Our society is characterized by paranoia for violence in the name of religion. We tend to fear theocracies, governments formed specifically for fulfilling religious agendas, because they will be intolerant towards all those who don’t agree with their sectarian agenda.

We may extrapolate that same fear on to the Bhagavad-gita when it talks about saintly kings who harmonize their lives with its wisdom (4.2). However, the Bhagavad-gita bombs our sectarian categories right at the start of its message. It declares that we are not our bodies, but are eternal souls who have no intrinsic connection with the bodies that we presently inhabit. Bodily misidentification is the basis of all sects, including even sects with religious nomenclature like Christians, Muslims and even Hindus.

Gita wisdom takes us beyond all our sectarian superficial notions of identity to our universal essence as souls. It urges us to act on that soul for our and others’ holistic upliftment – and to use the word and the sword for that universal purpose. (The word signifies our intellectual resources and the sword, our administrative resources.)

The Bhagavad-gita illustrates this holistic dynamism through the example of Krishna, who is actually God himself speaking the Gita. In the context of the Mahabharata, Krishna plays the rule of a prince, an administrator who uses the sword when necessary to protect dharma, moral and spiritual order. But in the context of the Gita, he accepts the role of a spiritual intellectual who empowers the warring prince with the word that raises the consciousness from the material to the spiritual.

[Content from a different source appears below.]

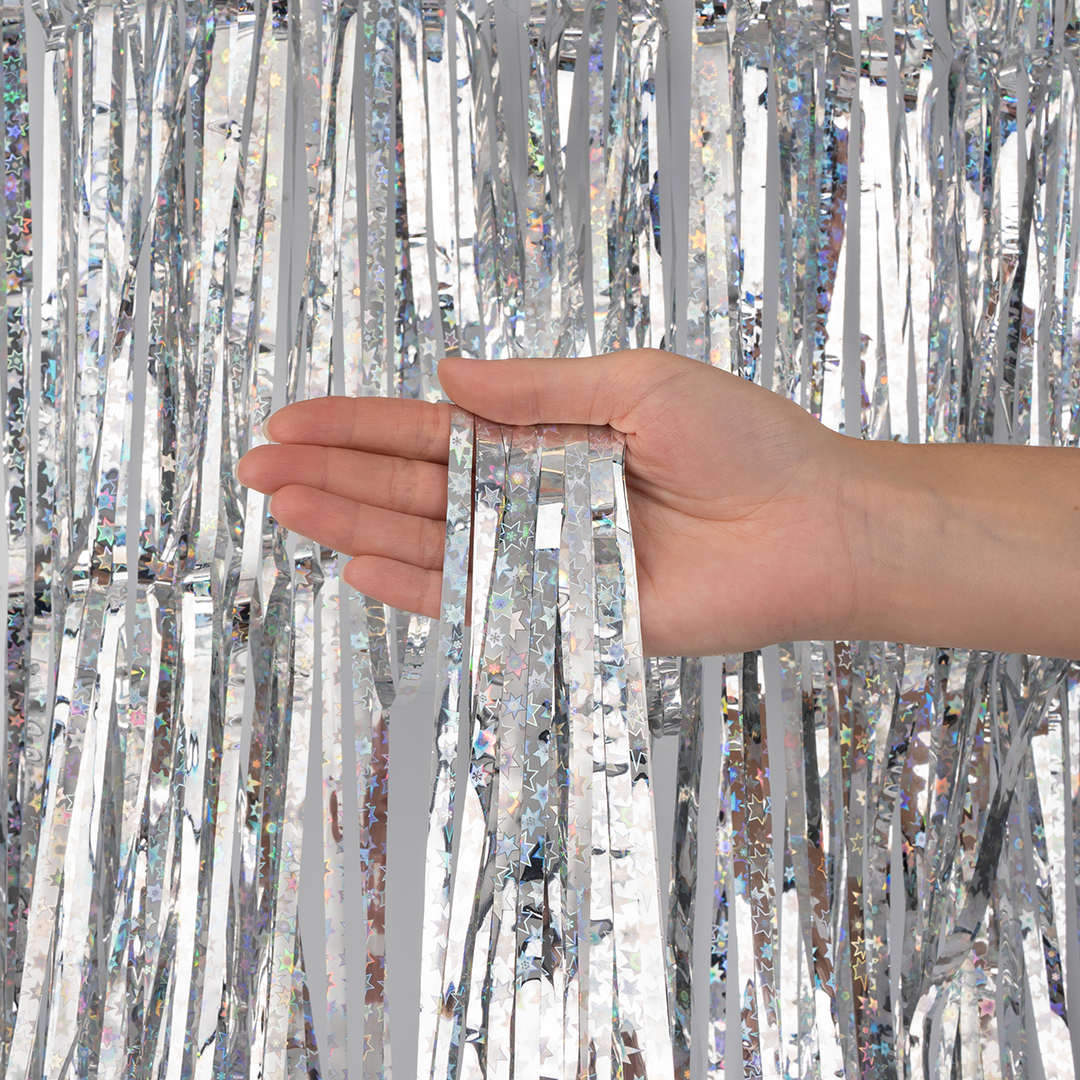 Занавес Дождик Звезды Люкс, Серебро, Голография, 100*200 см, 1 шт.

The Gita offers the word as the recommended way for going beyond sectarianism and uses the sword only as a last resort against those who have not only buried themselves in sectarian materialism but are bent on similarly burying the whole society.

Sectarian violence in the name of religion may sometimes makes us feel helpless and even godless, but if we empower ourselves with Gita wisdom, then we can strike proactively at sectarianism by using the word to take our consciousness far beyond petty sectarianism.